The proposal for supporting mutable content is to model a version-series identifier to facilitate the semantics of citing an object at the conceptual level, instead of the version level. The member node needs to be primarily responsible for creating the versions that will be replicated to other DataONE member nodes. Undecided yet is whether an MN method should be added to allow end-users to trigger persisting specified versions, and whether that would apply to only certain types of mutable data.

The Series Identifier Approach

The proposed solution is to model and implement a “series identifier” along with resolution services that would work with series ids (“sids”) and pids. From a DataONE perspective, the series identifiers would be assigned to all versions of an object, be unique in dataone (assigned to only one version chain), and would be reserved just as pids - from the same namespace. This series identifier, once assigned to the version chain, would similarly be immutable, and inherited by all new versions of the item. It is also assumed that in order to coordinate users to use one identifier for citations, that the cardinality for the citation identifier would be 0..1. The semantics for resolving a sid would be to return an object location list for the latest version from the series.
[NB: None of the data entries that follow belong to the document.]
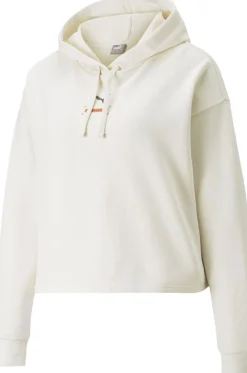 Puma Better hættetrøje Hvid New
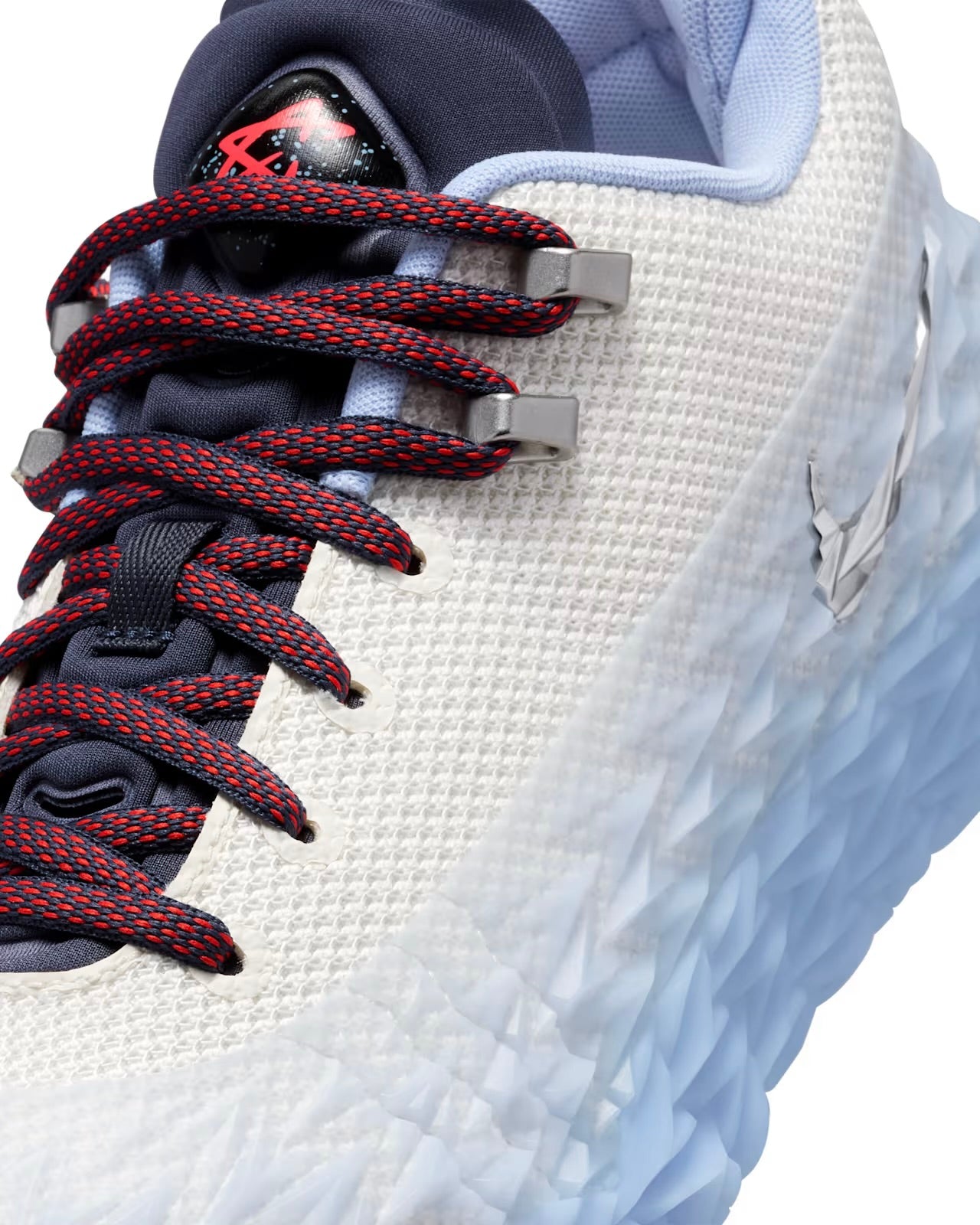 Nike x Cade Cunningham G.T. Charge PE "Detroit Tough"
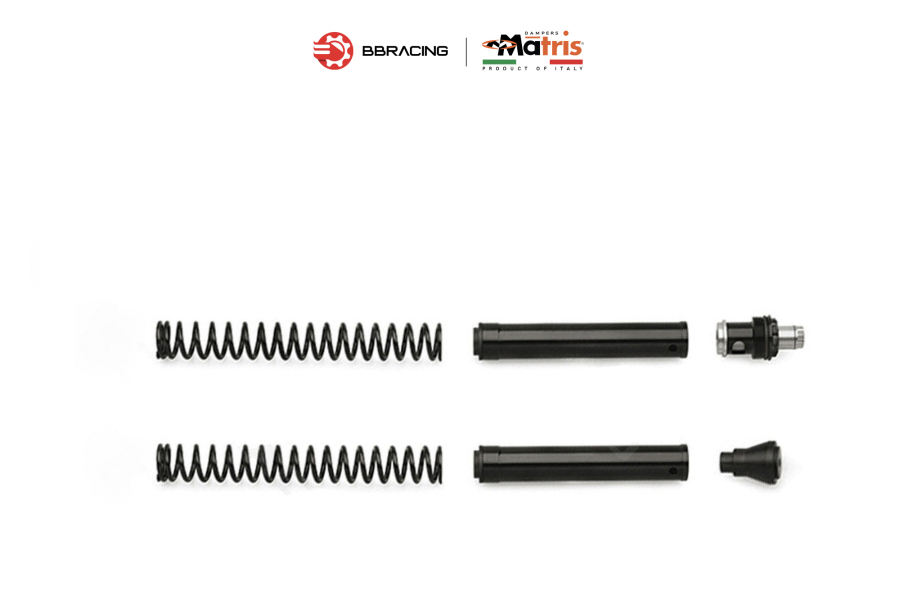 Kit Phuộc Trước Matris Triumph T120 2016-20
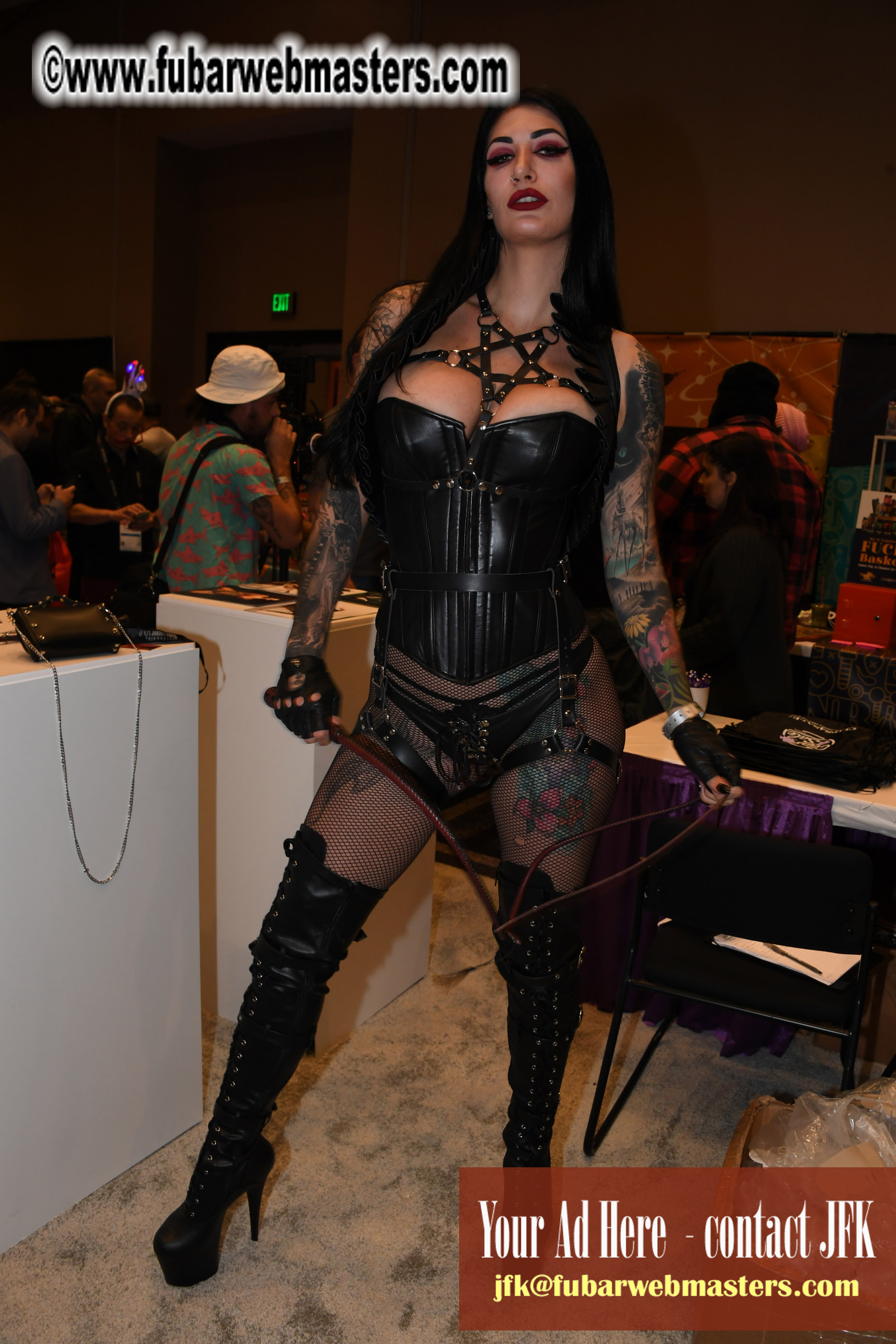 The AVN Show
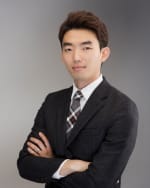 Click to view profile of Sean Kwak a top rated Business Litigation attorney in Palisades Park, NJ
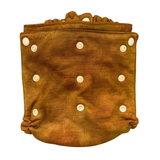 Adjustable Merino Wool Diaper Cover and Belt - Aaria Tees Aaria Tees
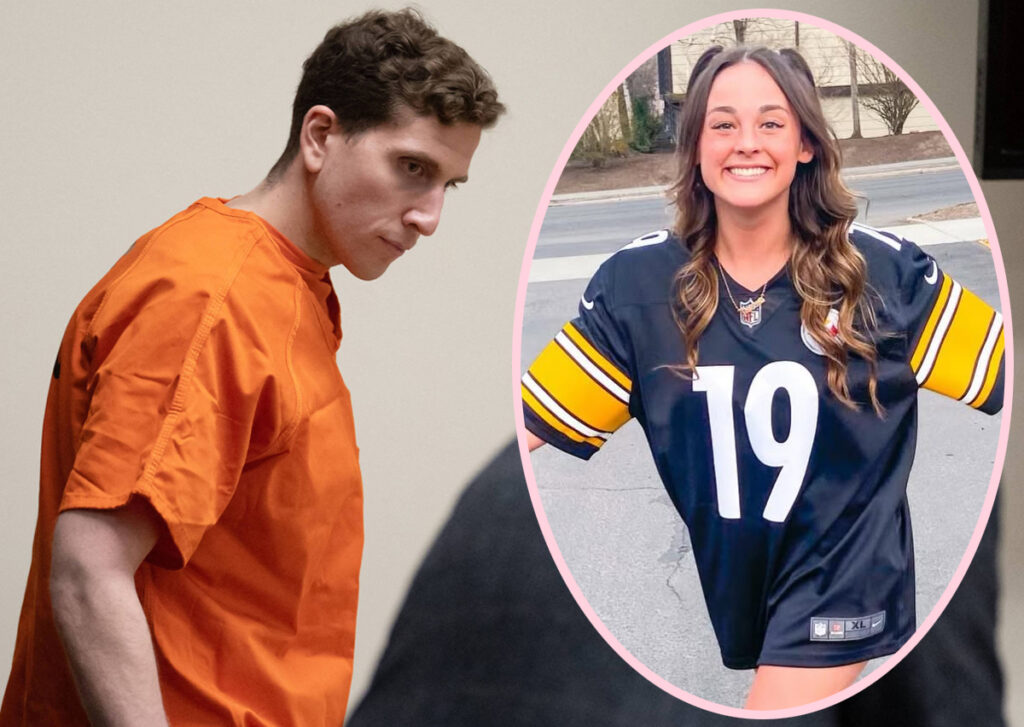 Idaho Murder Victim's Mother Makes Surprise Statement: She Has Forgiven Bryan Kohberger!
Member Nodes only maintaining the latest version of an item would be required to use a new pid for the resulting new version, and modify the system metadata appropriately so that the new version can be picked up by synchronization. A new CN method will be available for MNs to notify CNs what versions are no longer available at that node, whereupon replication will determine the new authoritative node and replicate the content to the required number of replicas.

It cannot be assumed that a user with an identifier in hand knows whether it is a sid or a pid, so DataONE expects the user to refer to the system metadata once it has the item to determine if the identifier used in resolve matches the pid or the sid. Similarly, they could interrogate the search results for the same information. For high-level interfaces, like D1Client.getD1Object(id), the pid of the object returned may or may not match the passed in ‘id’. So, high-level functions or applications that use resolve will have to make sure they handle the new resolving semantics.

It is also recommended that search indexes create a search result record for the series identifier (that would match the latest version search record). This could complicate searches, so including an “also-known-as” field in the search result records might serve the purpose of indicating when two result records are actually the same thing.

Semantics of “Current”

DataONE will need to define what to return when the latest version is not “current”, i.e. it’s archived. As a starting point, it is safe to assume that when the latest is archived, it is the intention of the archiver that no content is returned from a “get current” request. Resolution services, on the other hand, may need to return the latest version, whether current or not.

Versioning Approach

Involving the Coordinating node in triggering which versions to persist does not scale and does not capture all versions the member node exposes. Therefore, main responsibility for generating persisted versions must remain with the member nodes, whether prompted from an MN_Read.persistVersion() method or not. Further discussion on different strategies for the different types of mutable content is warranted.